Reproduced exactly, the lines from the start of the material through the line containing "EVERGRACE Luxurious Soft" should be the whole answer, with pictures excluded.

## Recorded data
-.-.-

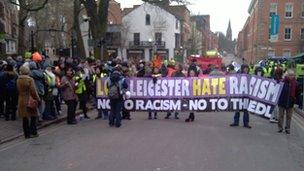 Anti-fascist protesters in Leicester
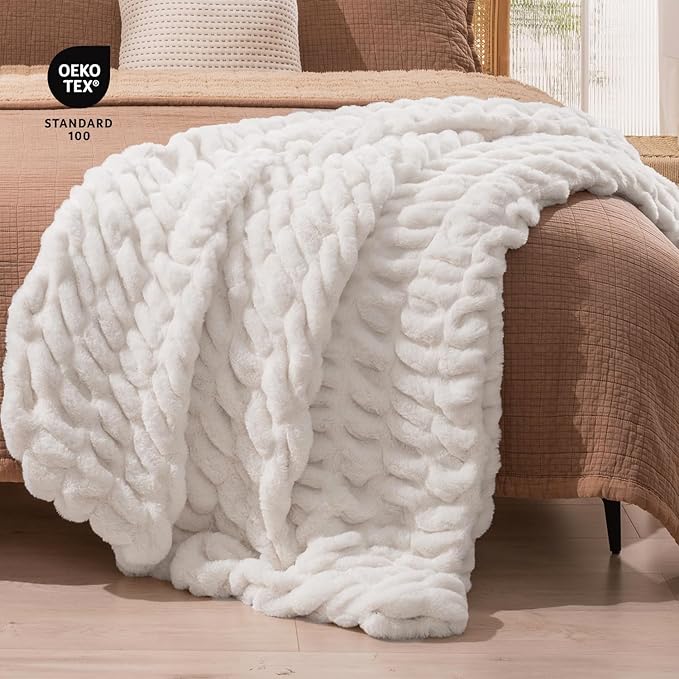 EVERGRACE Luxurious Soft Faux Rabbit Fur Throw Blanket, Cozy Fuzzy Plush Warm Throws for Couch Bed Sofa Chair Home Decor, Ruched Bubble Fluffy Blanket with Reversible Velvet, 50" x 60", Ivory White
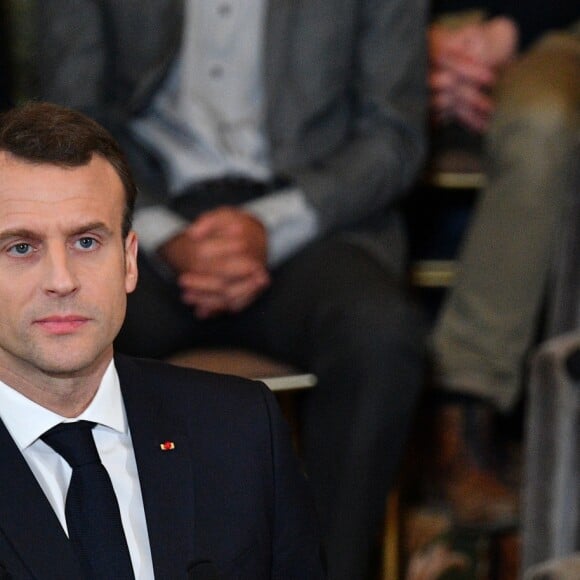 Emmanuel Macron à l'Académie française à Paris, France, la 20 mars 2018. Le chef de l'État a énuméré une trentaine de mesures destinées à renforcer "la place et le rôle" de la langue française et du plurilinguisme dans le monde. © Christian Liewig/Pool/Bestimage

-.-.-

## Reply to the exercise
 Anti-fascist protesters in Leicester
 EVERGRACE Luxurious Soft Faux Rabbit Fur Throw Blanket, Cozy Fuzzy Plush Warm Throws for Couch Bed Sofa Chair Home Decor, Ruched Bubble Fluffy Blanket with Reversible Velvet, 50" x 60", Ivory White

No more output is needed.